Optimal Randomized First-Order Methods for Least-Squares Problems
This work addresses computational efficiency in large-scale linear algebra for researchers and practitioners, but it is incremental as it builds on existing randomized methods with specific technical improvements.
The paper tackles the problem of solving overdetermined least-squares problems by analyzing randomized first-order methods with pre-conditioned gradients, deriving the optimal method and its convergence rate, showing that SRHT embeddings achieve a faster rate than Gaussian embeddings for a given sketch size, and proposing a new algorithm with the best known complexity without condition number dependence.

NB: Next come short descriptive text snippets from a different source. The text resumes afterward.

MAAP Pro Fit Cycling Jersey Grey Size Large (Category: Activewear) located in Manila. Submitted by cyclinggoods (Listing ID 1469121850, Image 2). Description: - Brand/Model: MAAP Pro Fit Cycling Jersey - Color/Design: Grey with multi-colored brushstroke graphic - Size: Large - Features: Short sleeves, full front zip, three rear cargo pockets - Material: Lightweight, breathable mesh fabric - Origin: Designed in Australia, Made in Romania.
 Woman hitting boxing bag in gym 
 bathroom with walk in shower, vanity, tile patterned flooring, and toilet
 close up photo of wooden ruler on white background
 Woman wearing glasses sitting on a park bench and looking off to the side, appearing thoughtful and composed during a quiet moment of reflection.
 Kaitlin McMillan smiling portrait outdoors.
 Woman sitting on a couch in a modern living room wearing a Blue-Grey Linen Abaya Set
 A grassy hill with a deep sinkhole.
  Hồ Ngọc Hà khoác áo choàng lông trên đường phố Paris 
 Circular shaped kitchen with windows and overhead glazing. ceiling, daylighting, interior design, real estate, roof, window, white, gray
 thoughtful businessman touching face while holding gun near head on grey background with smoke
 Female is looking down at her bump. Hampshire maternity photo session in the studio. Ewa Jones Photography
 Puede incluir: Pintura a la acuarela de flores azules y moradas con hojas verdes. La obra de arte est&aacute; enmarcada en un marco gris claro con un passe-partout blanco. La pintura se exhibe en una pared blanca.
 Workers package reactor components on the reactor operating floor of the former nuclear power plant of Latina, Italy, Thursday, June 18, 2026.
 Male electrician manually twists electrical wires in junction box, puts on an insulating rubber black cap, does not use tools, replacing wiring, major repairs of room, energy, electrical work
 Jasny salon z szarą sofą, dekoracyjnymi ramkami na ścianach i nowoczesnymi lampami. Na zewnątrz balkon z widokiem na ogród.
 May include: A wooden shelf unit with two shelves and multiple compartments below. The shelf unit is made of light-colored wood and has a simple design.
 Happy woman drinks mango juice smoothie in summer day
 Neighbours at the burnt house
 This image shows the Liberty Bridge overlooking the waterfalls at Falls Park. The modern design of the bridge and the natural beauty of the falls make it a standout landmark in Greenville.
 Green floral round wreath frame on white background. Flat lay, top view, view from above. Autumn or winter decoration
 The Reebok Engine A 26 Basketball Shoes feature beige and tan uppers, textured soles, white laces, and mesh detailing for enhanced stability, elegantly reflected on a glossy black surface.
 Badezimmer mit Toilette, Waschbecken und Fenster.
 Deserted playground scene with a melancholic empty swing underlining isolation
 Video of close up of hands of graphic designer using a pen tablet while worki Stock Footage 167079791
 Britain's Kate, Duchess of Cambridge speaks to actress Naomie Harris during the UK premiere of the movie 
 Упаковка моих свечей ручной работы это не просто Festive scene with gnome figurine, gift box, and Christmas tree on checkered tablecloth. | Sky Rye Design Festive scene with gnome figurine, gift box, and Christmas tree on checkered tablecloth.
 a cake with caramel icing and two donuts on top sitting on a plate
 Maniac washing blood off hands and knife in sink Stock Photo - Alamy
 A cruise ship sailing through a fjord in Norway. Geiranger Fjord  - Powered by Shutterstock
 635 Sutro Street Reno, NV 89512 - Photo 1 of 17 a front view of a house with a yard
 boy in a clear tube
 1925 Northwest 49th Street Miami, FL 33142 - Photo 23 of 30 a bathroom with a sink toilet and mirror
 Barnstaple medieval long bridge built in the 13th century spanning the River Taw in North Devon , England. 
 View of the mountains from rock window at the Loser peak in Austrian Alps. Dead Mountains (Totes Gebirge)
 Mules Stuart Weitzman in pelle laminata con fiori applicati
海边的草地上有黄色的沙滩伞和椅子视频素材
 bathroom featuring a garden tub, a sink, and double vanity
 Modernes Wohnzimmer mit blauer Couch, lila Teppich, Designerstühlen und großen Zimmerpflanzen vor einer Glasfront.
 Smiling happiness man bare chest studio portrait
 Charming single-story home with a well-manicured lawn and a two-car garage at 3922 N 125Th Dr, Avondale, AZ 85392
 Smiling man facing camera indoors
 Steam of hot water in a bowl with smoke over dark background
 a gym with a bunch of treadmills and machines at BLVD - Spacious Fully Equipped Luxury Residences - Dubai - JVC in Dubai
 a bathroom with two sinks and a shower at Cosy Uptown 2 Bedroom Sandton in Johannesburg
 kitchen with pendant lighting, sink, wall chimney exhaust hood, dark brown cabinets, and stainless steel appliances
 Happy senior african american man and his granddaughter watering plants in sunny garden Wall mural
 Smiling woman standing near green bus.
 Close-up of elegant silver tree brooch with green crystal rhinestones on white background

We provide an exact analysis of a class of randomized algorithms for solving overdetermined least-squares problems. We consider first-order methods, where the gradients are pre-conditioned by an approximation of the Hessian, based on a subspace embedding of the data matrix. This class of algorithms encompasses several randomized methods among the fastest solvers for least-squares problems. We focus on two classical embeddings, namely, Gaussian projections and subsampled randomized Hadamard transforms (SRHT). Our key technical innovation is the derivation of the limiting spectral density of SRHT embeddings. Leveraging this novel result, we derive the family of normalized orthogonal polynomials of the SRHT density and we find the optimal pre-conditioned first-order method along with its rate of convergence. Our analysis of Gaussian embeddings proceeds similarly, and leverages classical random matrix theory results. In particular, we show that for a given sketch size, SRHT embeddings exhibits a faster rate of convergence than Gaussian embeddings. Then, we propose a new algorithm by optimizing the computational complexity over the choice of the sketching dimension. To our knowledge, our resulting algorithm yields the best known complexity for solving least-squares problems with no condition number dependence.